— THE TASK —
Given the records below, transcribe each of them exactly.

Brief descriptive captions:
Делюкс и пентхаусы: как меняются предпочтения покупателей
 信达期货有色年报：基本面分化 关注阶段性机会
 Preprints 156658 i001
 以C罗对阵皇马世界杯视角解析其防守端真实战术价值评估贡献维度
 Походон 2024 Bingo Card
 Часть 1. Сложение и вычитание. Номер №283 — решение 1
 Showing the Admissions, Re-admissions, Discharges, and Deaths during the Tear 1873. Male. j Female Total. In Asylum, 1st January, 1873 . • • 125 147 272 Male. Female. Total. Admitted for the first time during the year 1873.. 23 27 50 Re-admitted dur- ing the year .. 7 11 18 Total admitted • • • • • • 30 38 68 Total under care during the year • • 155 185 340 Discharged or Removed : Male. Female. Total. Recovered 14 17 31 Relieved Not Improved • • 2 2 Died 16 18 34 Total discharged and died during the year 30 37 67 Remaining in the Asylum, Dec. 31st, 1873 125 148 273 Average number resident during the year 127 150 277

— WORKED SOLUTION —
Делюкс и пентхаусы: как меняются предпочтения покупателей
 信达期货有色年报：基本面分化 关注阶段性机会
 Preprints 156658 i001
 以C罗对阵皇马世界杯视角解析其防守端真实战术价值评估贡献维度
 Походон 2024 Bingo Card
 Часть 1. Сложение и вычитание. Номер №283 — решение 1
 Showing the Admissions, Re-admissions, Discharges, and Deaths during the Tear 1873. Male. j Female Total. In Asylum, 1st January, 1873 . • • 125 147 272 Male. Female. Total. Admitted for the first time during the year 1873.. 23 27 50 Re-admitted dur- ing the year .. 7 11 18 Total admitted • • • • • • 30 38 68 Total under care during the year • • 155 185 340 Discharged or Removed : Male. Female. Total. Recovered 14 17 31 Relieved Not Improved • • 2 2 Died 16 18 34 Total discharged and died during the year 30 37 67 Remaining in the Asylum, Dec. 31st, 1873 125 148 273 Average number resident during the year 127 150 277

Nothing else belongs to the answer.